I problemi/1: cave e ricorsi alla giunta

 

Ecco alcuni temi chiave e casi salienti evidenziati dalla relazione. Dai permessi delle cave al caso di una paziente a cui l’Azienda sanitaria ha richiesto, prima di concedere una risposta al suo quesito, di rinunciare ad un’eventuale richiesta di risarcimento.

Le comunità interessate devono poter dire la propria sull’apertura di una cava. La legge va cambiata

Primo, riguardo alle attività estrattive, assume contorni critici secondo l’ufficio l’attuale mancanza di un via libera da parte del consiglio comunale e quindi del territorio interessato. Secondo l’articolo 130 della legge urbanistica provinciale, ricorda la Difesa civica, le cave possono essere autorizzate e aperte dalla giunta provinciale indipendentemente dalla destinazione urbanistica indicata nel piano urbanistico comunale. Questo però rappresenterebbe un vulnus democratico e di partecipazione delle comunità. “Il coinvolgimento dell’amministrazione comunale e della cittadinanza - questo il parere della difensora civica - dovrebbe diventare, in futuro, vincolante fin dall’inizio: è necessario ripensare urgentemente la normativa quadro del settore”.

 

 

Seguono i ricorsi gerarchici alla giunta provinciale “che, nella maggior parte dei casi, non vengono presi in considerazione in quanto inammissibili”, lamenta la Difesa civica. Dunque occorre “garantire in futuro un’amministrazione più vicina ai cittadini e alle cittadine: la possibilità di ricorso all’organo sovraordinato dovrebbe essere possibile per ogni misura amministrativa”.
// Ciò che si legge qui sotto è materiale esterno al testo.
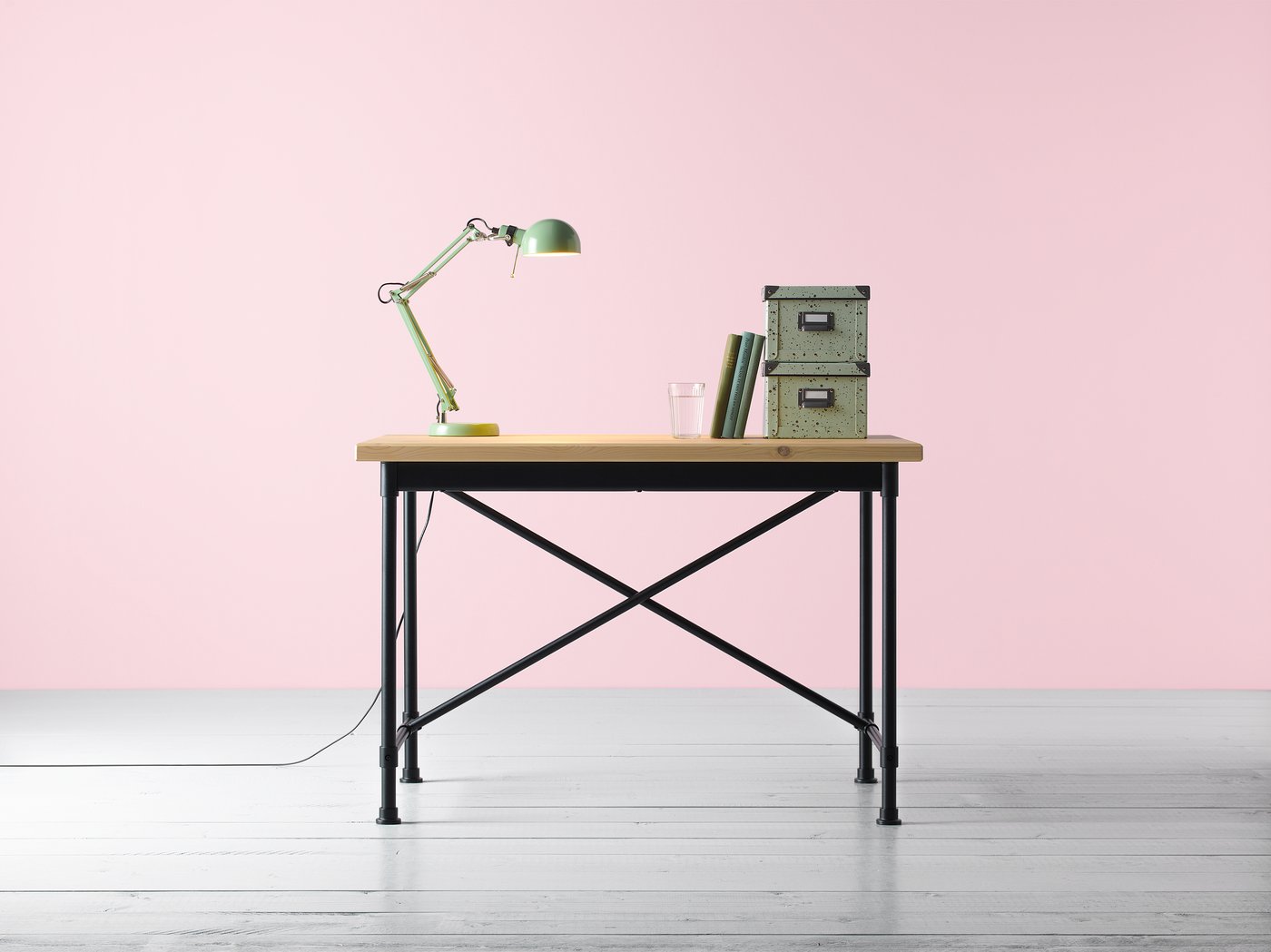 biurko na różowym tle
L’inquinamento acustico è un problema molto sentito. I soldi per le barriere sono scarse e ci sono danni alla salute

 

I problemi/2: rumore e trasparenza per Sabes

 

Si arriva poi a inquinamento acustico e Azienda sanitaria. “Sempre più cittadini - è il messaggio di Morandell - si rivolgono alla difensora civica lamentando le forme più varie di inquinamento acustico e i casi appaiono nella stragrande maggioranza piuttosto complessi. Le barriere antirumore vengono finanziate e messe in atto a stento dalla mano pubblica; per molte misure, semplicemente, mancano i mezzi finanziari, e così cittadine e cittadini devono attendere molti anni, mentre la continua esposizione all’inquinamento acustico crea forti danni alla salute”. 
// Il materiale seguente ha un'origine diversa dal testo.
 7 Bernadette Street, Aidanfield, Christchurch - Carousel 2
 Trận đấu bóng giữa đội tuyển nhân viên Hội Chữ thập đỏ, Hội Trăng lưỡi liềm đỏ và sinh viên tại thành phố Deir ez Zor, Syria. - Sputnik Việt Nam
Risposte dall’Azienda sanitaria in cambio di rinuncia ai risarcimenti: questa non è la strada giusta

C’è poi il caso di una paziente che ha sollevati vari quesiti alla sanità provinciale. Come risposta, l’Azienda sanitaria ha vincolato il rilascio di una presa di posizione scritta alla sottoscrizione da parte della richiedente di dichiarazione preventiva di rinuncia al risarcimento danni. Questa sarebbe la prassi adottata “sulla base di una nuova procedura di elaborazione dall’Azienda”. Ma questo tipo di iter, conclude l’ufficio, “non è certamente la strada giusta per confrontarsi a pari livello, in maniera trasparente e corretta, con un paziente dubbioso”.